Webinar on Land Classification with Multispectral Imagery
Introduction
- Presented by CanDrone: Leading consultancy in aerial and ground-based remote sensing in Canada.
- Services: Drone-based solutions for forestry, agriculture, and urban development.
- Presenters: Cody Wildgust (Strategic Sales Expert) and Ian Perry (Solutions Specialist).
Agenda
- Introduction to technology
- Explanation of multispectral imagery
- Components of land cover classification
- Use cases of the technology
Multispectral Imagery
- Definition: Captures data from light in various bands of the electromagnetic spectrum.
- Visible Spectrum: 400-700 nanometers (red, green, blue).
- Multispectral Cameras: Can capture additional bands (e.g., infrared, red edge).
- Example: Micasense Altum camera with 5 lenses for various bands.
Data Processing
- Equipment Setup: Camera mounted on drones like DJI M300.
- Software: Photogrammetry software (e.g., Pix4D) for processing data into orthomosaics.
Multispectral Analysis
- Spectral Signature: Identifies objects by their interaction with light.
- NDVI (Normalized Difference Vegetation Index): Measures plant health by comparing near-infrared and red light reflectance.
Practical Applications
- Efficient Vegetation Monitoring: Identifying stressed or healthy crops from the air.
- Precision Agriculture: Reducing resource usage and improving field efficiency.
Land Cover Classification
- Process:
- Select training and testing data samples.
- Use image segmentation to group pixels.
- Apply machine learning for classification (e.g., Random Forest algorithm).
- Tools: QGIS for segmentation and analysis.
- Python Scripting: For automating large scale analysis and ensuring consistency.
Variations of NDVI
- Soil Adjusted Vegetation Index (SAVI): For sparse vegetation areas.
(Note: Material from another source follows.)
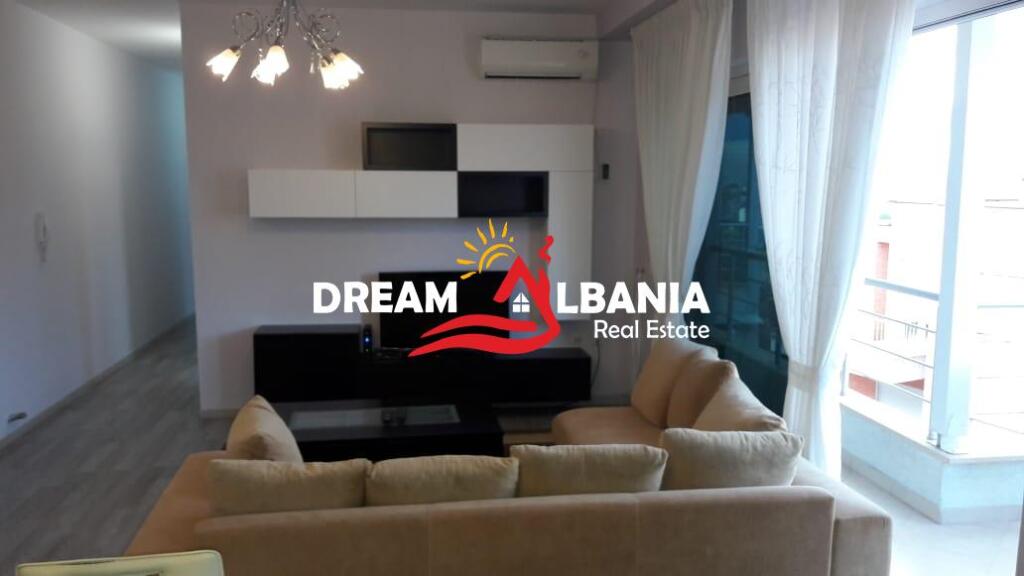 Appartamento 2+1 in affitto in via Peti, vicino al Lago Secco (ID 42215357).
- Normalized Difference Red Edge: For complex canopies.
Fire Assessment
- Normalized Burn Ratio: Assesses fire impact using multispectral imagery.
Software and Resources
- QGIS: Open-source GIS platform for spatial data analysis.
- Python: For scripting workflows and processing large datasets.
Questions and Answers
- RGB cameras can isolate bands but lack near-infrared and red edge capabilities.
- Multispectral satellite images are available, e.g., Landsat.
- Discussion on using drones vs. satellites depending on resolution needs.
Conclusion
- Contact CanDrone: For multispectral services and consultation.
- Feedback: Suggestions for future webinar topics are welcome.
Overall, this webinar provided a comprehensive overview of using multispectral imagery for land classification, emphasizing the technology's efficiency and applications in various industries.